What to produce — The answer should hold only the lines from the one containing "EXCELLENT ELITE SPANKER" through the one containing "Baltic Outdoor Chair" in the entries below, copied exactly, without pictures.

Recorded information —

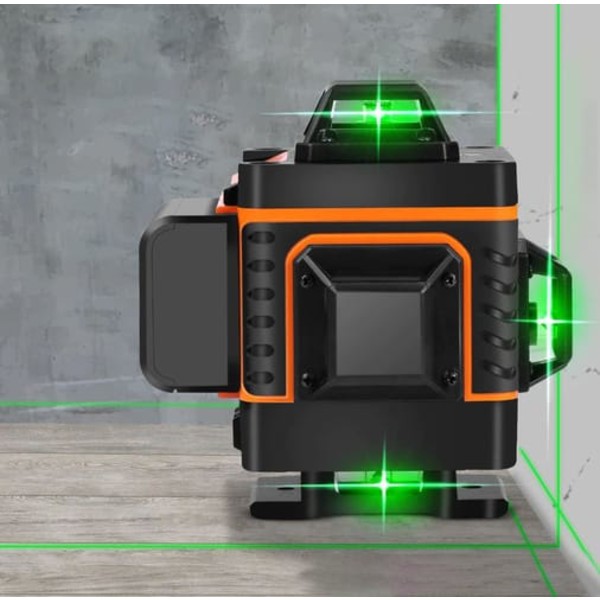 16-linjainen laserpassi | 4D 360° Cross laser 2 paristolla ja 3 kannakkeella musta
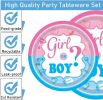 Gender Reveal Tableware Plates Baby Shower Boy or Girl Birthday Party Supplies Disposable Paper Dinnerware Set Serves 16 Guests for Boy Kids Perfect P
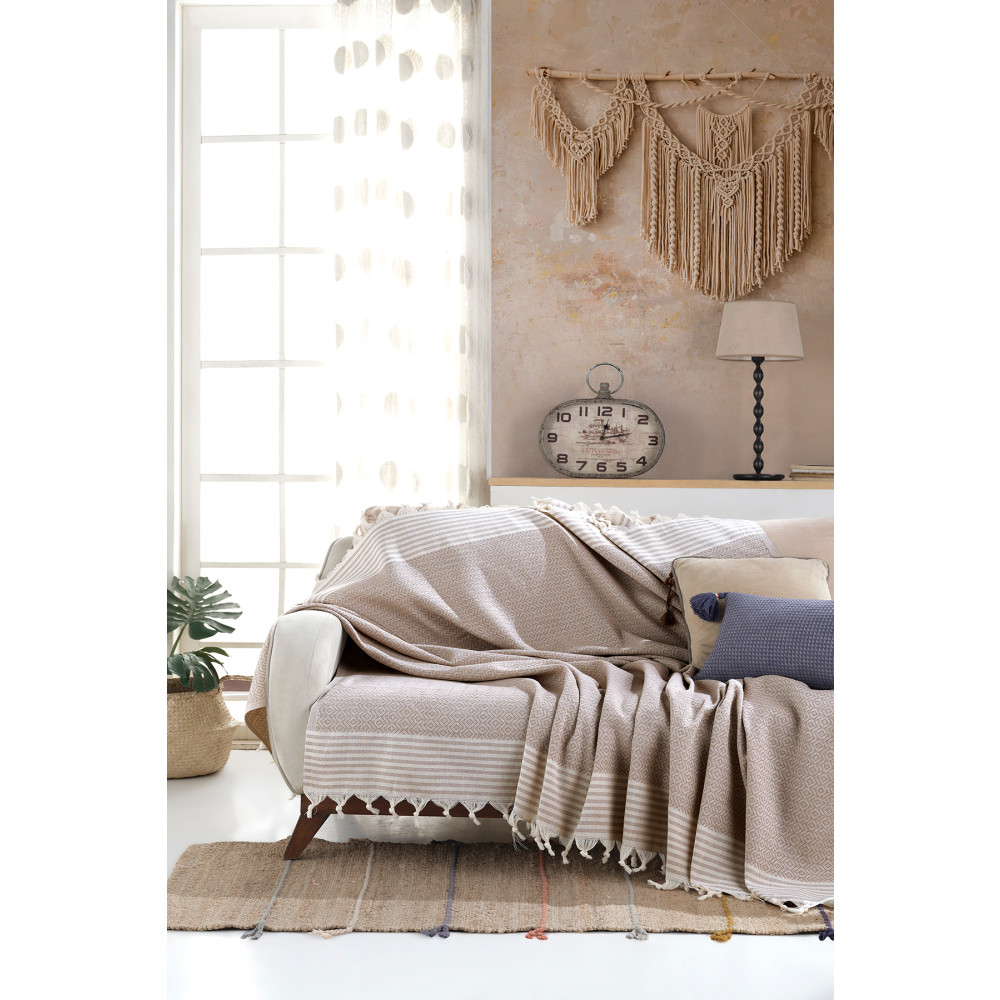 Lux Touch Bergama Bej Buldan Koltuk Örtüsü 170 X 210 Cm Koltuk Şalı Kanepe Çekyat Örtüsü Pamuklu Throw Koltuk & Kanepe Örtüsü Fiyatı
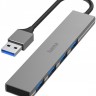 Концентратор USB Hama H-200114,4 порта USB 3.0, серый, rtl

--

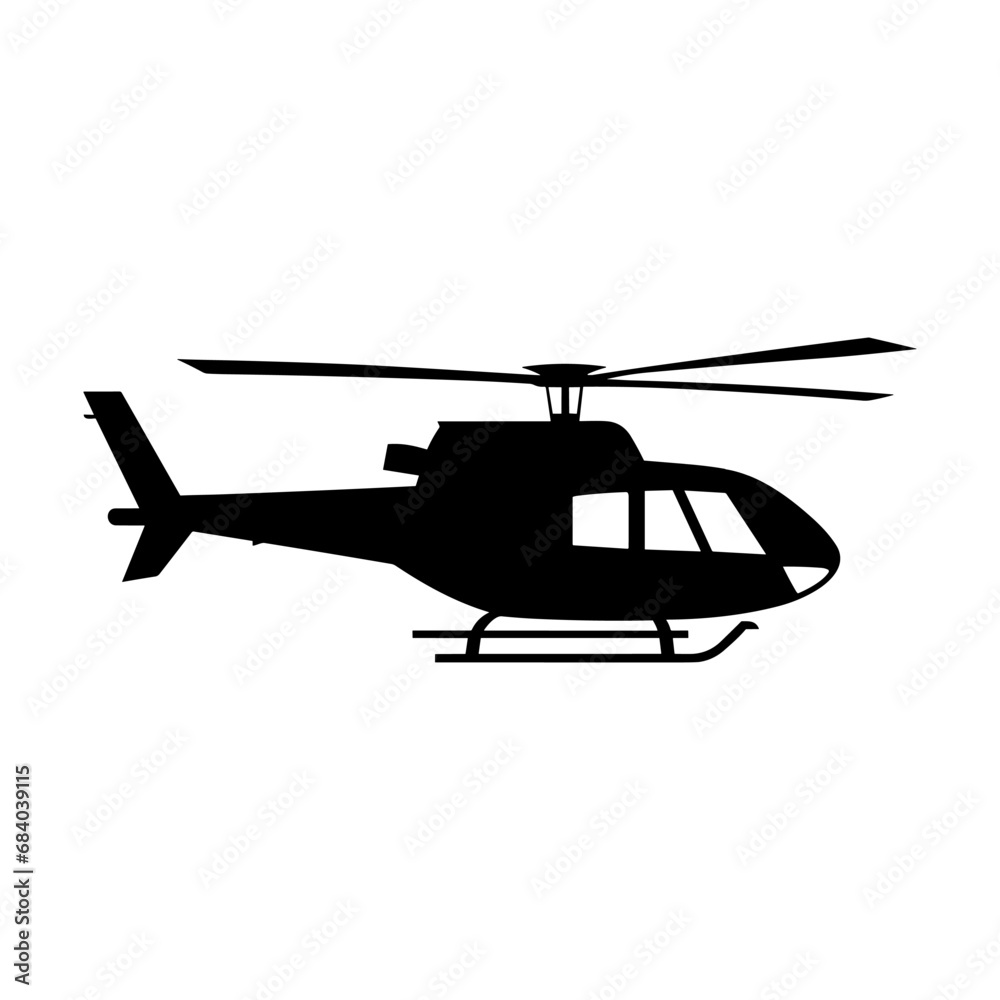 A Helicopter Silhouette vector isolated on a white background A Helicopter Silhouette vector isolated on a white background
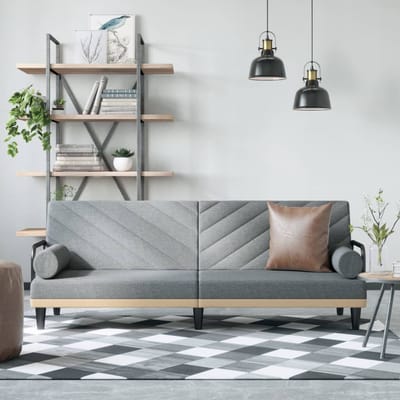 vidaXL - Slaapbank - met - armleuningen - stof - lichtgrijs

* * *

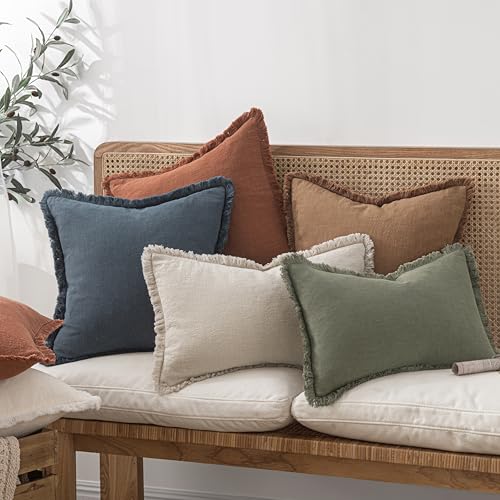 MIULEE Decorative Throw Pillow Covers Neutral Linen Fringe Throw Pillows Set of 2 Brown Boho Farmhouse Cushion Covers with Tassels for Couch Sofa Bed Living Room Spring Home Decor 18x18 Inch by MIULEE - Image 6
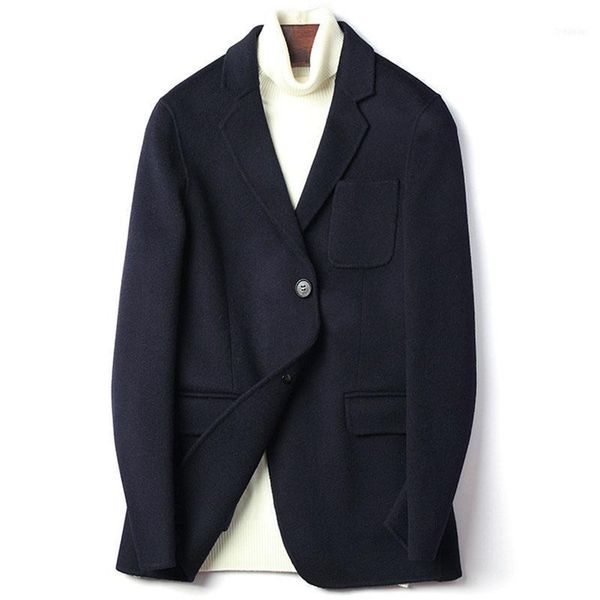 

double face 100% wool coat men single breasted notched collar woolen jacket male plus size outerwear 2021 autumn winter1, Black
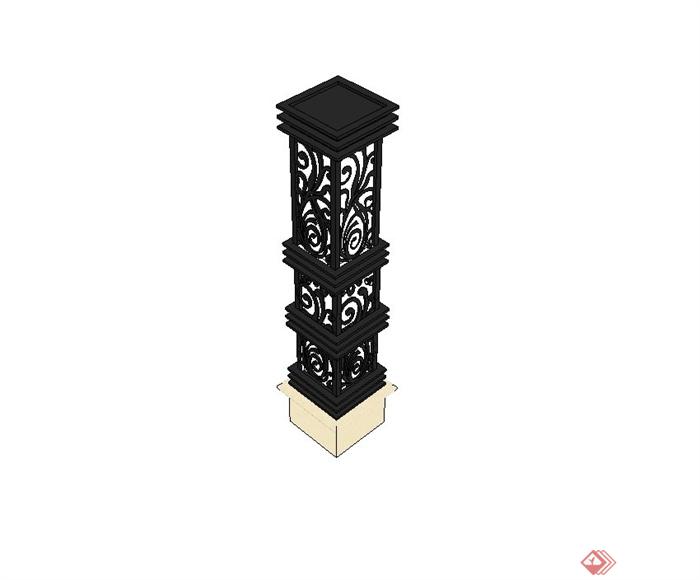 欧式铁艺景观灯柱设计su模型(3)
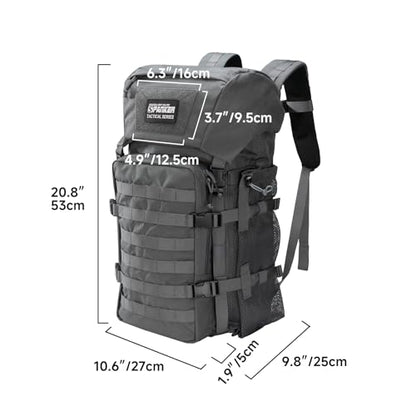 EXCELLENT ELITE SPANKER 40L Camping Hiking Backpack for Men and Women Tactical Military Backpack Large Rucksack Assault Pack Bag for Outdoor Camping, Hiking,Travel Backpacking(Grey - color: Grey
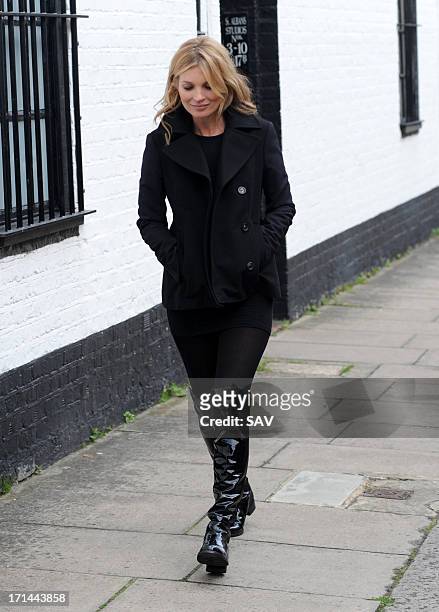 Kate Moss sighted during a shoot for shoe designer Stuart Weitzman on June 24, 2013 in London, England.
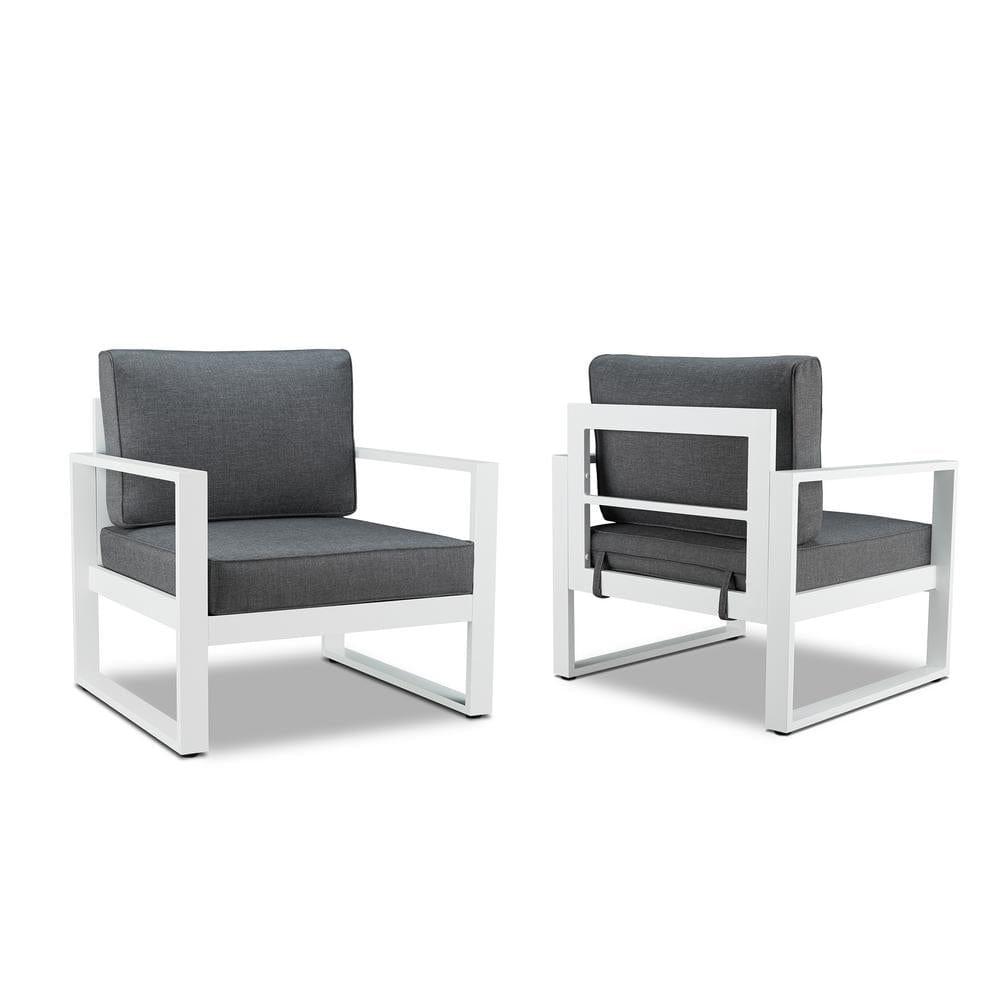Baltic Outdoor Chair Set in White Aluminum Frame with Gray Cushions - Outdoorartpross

Result of this task —
 EXCELLENT ELITE SPANKER 40L Camping Hiking Backpack for Men and Women Tactical Military Backpack Large Rucksack Assault Pack Bag for Outdoor Camping, Hiking,Travel Backpacking(Grey - color: Grey
 Kate Moss sighted during a shoot for shoe designer Stuart Weitzman on June 24, 2013 in London, England.
Baltic Outdoor Chair Set in White Aluminum Frame with Gray Cushions - Outdoorartpross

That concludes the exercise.